Le Taser retiré des mains des policiers municipaux

Rue89. 2 septembre 2009 par Chloé Leprince

Le Conseil d'Etat a annulé le décret qui avait permis à onze villes d'équiper leur police avec le pistolet à impulsion électrique.

Le Conseil d'Etat a annulé ce mercredi le décret du 22 septembre 2008, qui autorisait l'équipement de policiers municipaux avec des pistolets de type Taser. Cette victoire pour l'association Raidh, à l'initiative de la requête, est un début de camouflet pour le gouvernement.

C'est l'ancienne ministre de l'Intérieur, Michèle Alliot-Marie, qui avait fait le pressing pour que la loi permette de doter les 17 000 policiers municipaux de France de cette arme à impulsion électrique capable d'envoyer une décharge de 50 000 volts. A l'époque, une dizaine de villes s'étaient portées candidates.

Près d'un an plus tard, le Conseil d'Etat a rendu sa décision après avoir vérifié le nombre exact de municipalités réellement équipées sur le territoire.

Rue89 publie cette liste exhaustive issue d'une enquête auprès de tous les préfets, auxquels une mairie candidate devait demander le feu vert :

Trois Taser seulement chez le compagnon de MAM : bonjour le coup de com

Au total, peu d'hommes relevant de l'autorité du maire, officier de police judiciaire, pouvaient donc accrocher le pistolet jaune et noir à la ceinture. Chez certains édiles, la surmédiatisation de ce palier sécuritaire avait même tout de l'ardent coup de com.

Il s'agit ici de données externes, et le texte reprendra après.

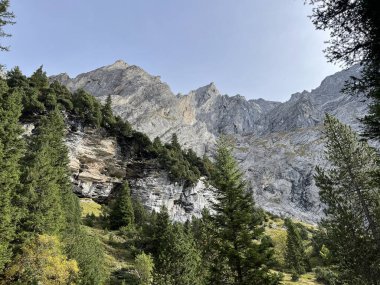 Reichenbachtal (Willigen, İsviçre) - Steile Kalksteingipfel ueber dem alpinen Reichenbachtal (Willigen, Schweiz)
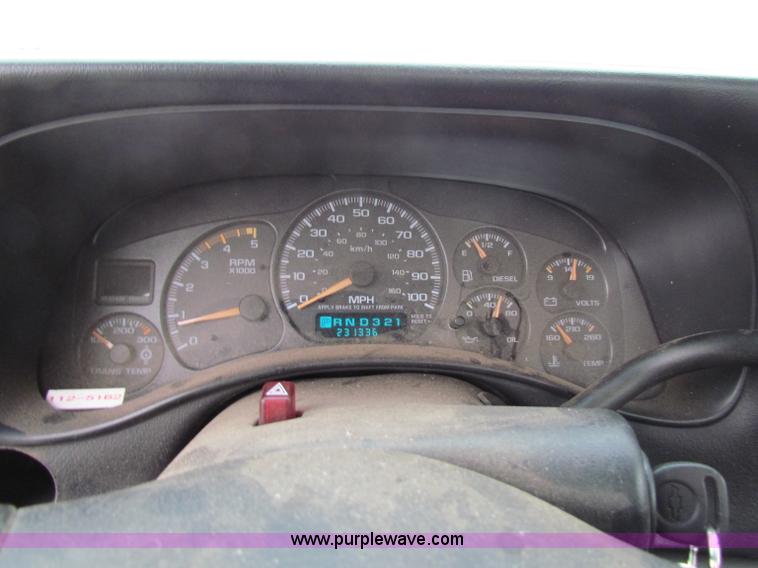 image for item B7121 2002 Chevrolet C2500HD pickup truck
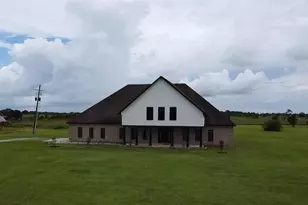 13979 Shellhammer Rd, Winnie, TX 77665 - Photo 3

Ainsi, Rueil-Malmaison (Hauts-de-Seine) n'aura finalement acheté que trois unités, alors que la mairie avait abondamment communiqué sur la chose, comme le montre ce reportage diffusé il y a un an. Mais il est vrai que la ville est administrée par Patrick Ollier, qui n'est autre que le compagnon d'Alliot-Marie. (Voir la vidéo).


A l'inverse, deux villes passées à gauche avaient fait marche arrière après les dernières élections municipales. Mais, si Fabrice Ferrier, de Raidh, a déposé cette requête visant à faire annuler le décret du 22 septembre 2008, ce n'est pas tant pour la réalité arithmétique du Taser en France qu'au nom d'une « question de principe ».

Voici sa réaction ce mercredi, en début d'après-midi, alors que Rue89 vient de lui annoncer sa victoire au Conseil d'Etat :

« Nous, ce qui nous dérange, c'est concrètement la décharge de 50 000 volts, qui représente une surenchère dans la violence.

Ce que nous disons depuis le début, c'est que cette nouvelle arme doit être réservée à des unités d'élite, dans des conditions bien particulières : prise d'otage, détournement d'un aéronef, légitime défense… »

Ni formation, ni évaluation, ni contrôle, ni précautions d'emploi

Ce qui motive l'annulation par le Conseil d'Etat, c'est l'absence d'une formation digne de ce nom. Extrait de la décision des hauts magistrats :

« La décision constate que ni le décret du 22 septembre 2008 autorisant l'armement des agents de police municipale ni aucun autre texte ayant valeur réglementaire ne prescrit la délivrance d'une formation spécifique à l'usage de cette arme préalablement à l'autorisation donnée aux agents de police municipale de la porter.

Aucune procédure d'évaluation et de contrôle périodiques, pourtant nécessaire à l'appréciation des conditions effectives d'utilisation de l'arme, n'est par ailleurs prévue. Les précautions d'emploi ne sont pas davantage précisées.

Par conséquent, le décret est annulé pour méconnaissance des principes d'absolue nécessité et de proportionnalité dans la mise en œuvre de la force publique. »

Le Conseil d'Etat valide l'équipement en Taser de la police nationale

Cette carence de formation, Rue89 la révélait dès février 2008 en donnant la parole à l'un des instructeurs, choqué par le manque d'implication de sa hiérarchie en la matière. Ce dernier révélait alors que l'initiation n'excédait pas deux à trois jours de stage. Pour lui, « un tiers des policiers sont mal formés ». A lire les conclusions de la haute juridiction, le problème est bien resté entier.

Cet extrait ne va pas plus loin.